+++ Supplied entries

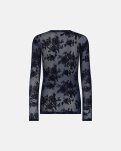 Bluse "blonde" | Navy -Hype the Detail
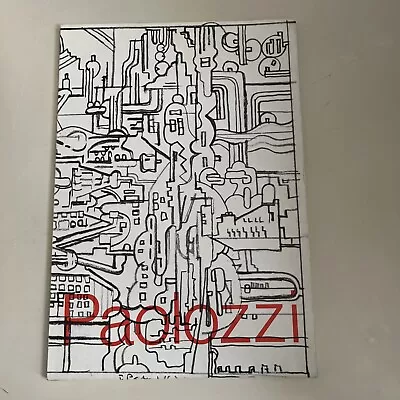 Eduardo Paolozzi Kleinplastiken Zeichnungen Graphik • £6.87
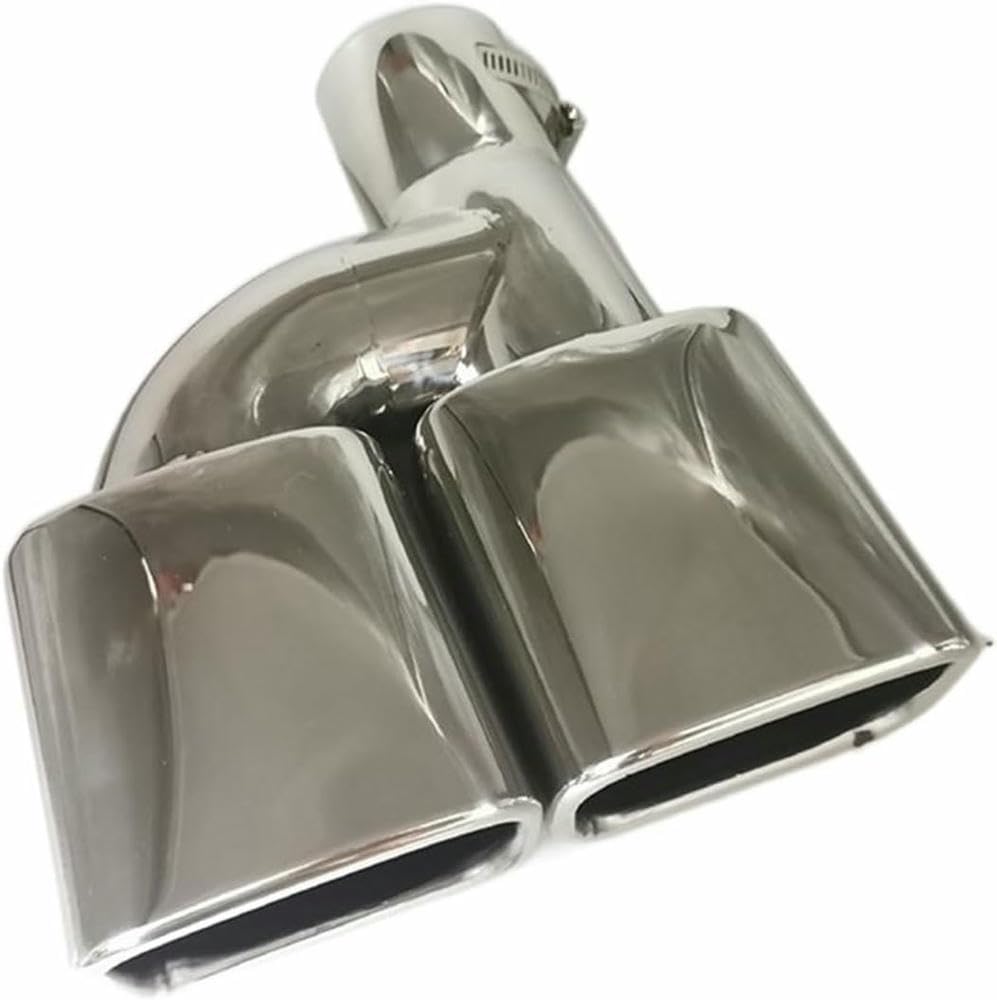 QCxMpC Auto Schwanz Kehle Rohr Für Toyota Für Voxy Auspuffrohr Schwanz Kehle Doppel Rohr Auspuff Endrohr Spitze QCxMpC Auto Schwanz Kehle Rohr Für Toyota Für Voxy Auspuffrohr Schwanz Kehle Doppel Rohr Auspuff Endrohr Spitze von QCxMpC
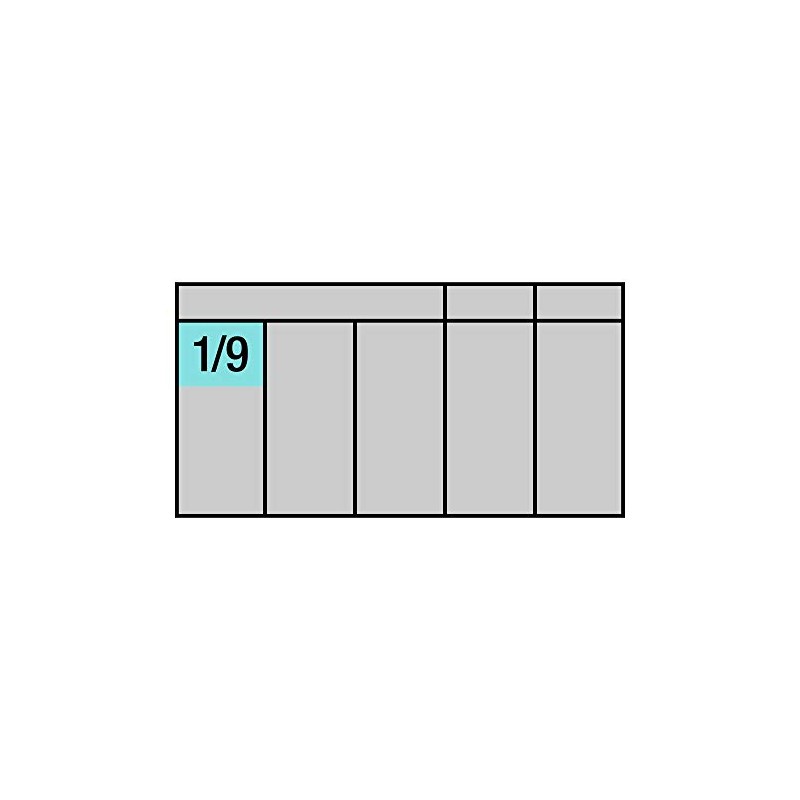 Hazet Screwdriver Bit Socket Set, Square Hollow 10 mm x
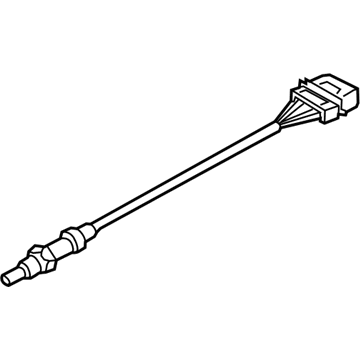 Volkswagen Oxygen Sensor - 06K-906-262-CF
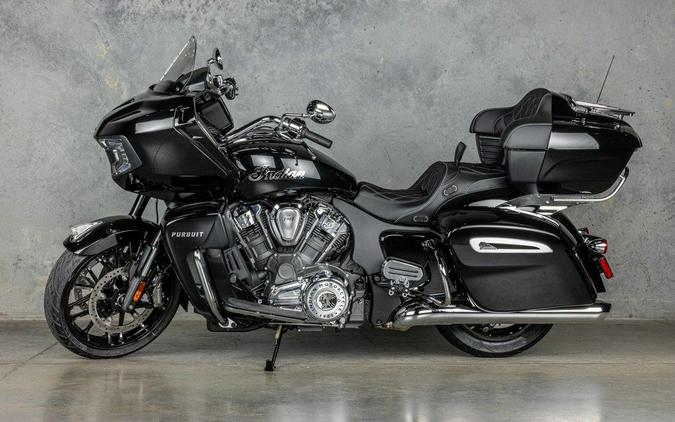 2026 Indian Motorcycle PURSUIT LIMITED 108 PowerPlus / Black Metallic - T3445174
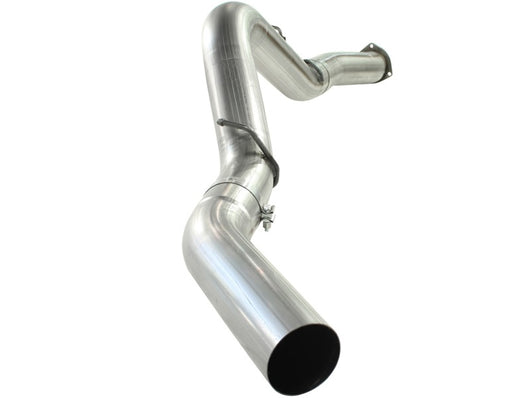 aFe MACHForce XP Exhaust 5in DPF-Black, GM Diesel Trucks 07.5-10 V8-6.6L 9(td) LMM - 49-44040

++++++

Assigned task => Working from the data above, repeat exactly, and only, the lines that begin at the line containing "Eduardo Paolozzi Kleinplastiken" and stop after the line containing "Volkswagen Oxygen Sensor - 06K-906-262-CF"; pictures are not copied.

Answer for this exercise =>
 Eduardo Paolozzi Kleinplastiken Zeichnungen Graphik • £6.87
 QCxMpC Auto Schwanz Kehle Rohr Für Toyota Für Voxy Auspuffrohr Schwanz Kehle Doppel Rohr Auspuff Endrohr Spitze QCxMpC Auto Schwanz Kehle Rohr Für Toyota Für Voxy Auspuffrohr Schwanz Kehle Doppel Rohr Auspuff Endrohr Spitze von QCxMpC
 Hazet Screwdriver Bit Socket Set, Square Hollow 10 mm x
 Volkswagen Oxygen Sensor - 06K-906-262-CF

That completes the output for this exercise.